20. Bölüm : "Celadet"

2.4K 186 26
                                    

"Görmedin mi Allah bir misal getirdi: Güzel bir kelimeyi (Kelime-i Tevhid) kökü sabit, dalları gökte olan bir ağaca benzetti. O ağaç, Rabbinin izniyle her zaman yemişini verir. Öğüt alsınlar diye, Allah insanlara misaller getirir. Kötü kelimenin (küfrün) misali ise: gövdesi yerden koparılmış o yüzden ayakta durma imkanı olmayan kötü bir ağaca benzer. Allah, sabit söze iman edenleri hem dünya hayatında hem de ahiret hayatında sabit kılar. Zalimleri ise Allah saptırır. Allah dilediğini yapar."

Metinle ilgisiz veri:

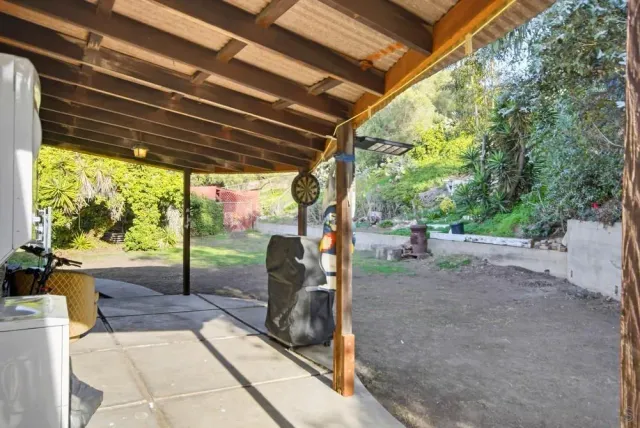 a view of backyard with green space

İbrahim Suresi, 24-27 ayetleri

Müslümanlık, dillerde ve yerlerde.

Müslümanlar, zelil ve rezil halde.

Yakışır mı peki tüm bunlar, 'Müslümanım' diyene?

Yakışmaz. Allah'ta yakıştırmaz.

Ama Müslümanlar, ahiretleri karşılığı dünyayı satın aldılar.

Müslümanlar, dini, bir futbol gibi günah aletlerinden öğrenmeye kalktılar.

Müslümanlar, televizyonları, Kur'an karşılığı satın aldılar ve onu baş köşelerine koydular.

Kitapları sırtları arkalarına atıp, telefonlarıyla bütün oldular.

Tüm bunlar olurken de, bir ütopya kurdular, Allah'tan yardım ve rahmet beklediler. Gelecek dediler, birileri ya da birşeyler gelecek ve kurtulacağız bu zelillikten.

Oysaki gelen geleli, bin dört yüz sene olmuştu.

Oysa gelenin, neredeyse vadesi dolmuş, gidiş vakti vuku bulmuştu.

Gelen, boynu büküktü.

Gelen tozlu raflarda, anlaşılmayanlar listesinin en tepesinde, bu birinciliği yıllardır kimseye verememekte.

Gelen, geldiği insanlara şahit ve ahirette şikayetçi.

Bir de Müslümanlar, süslüman oldular. Modadan, batıdan aşağı kalmadılar. At gibi yarıştılar batıyla ve kafirlerle, onları dünyalıkta geçtiler bile.

Süslümanlar kadar süslüsü, evi, aşı zengin, müsrif batılı kalmadı artık.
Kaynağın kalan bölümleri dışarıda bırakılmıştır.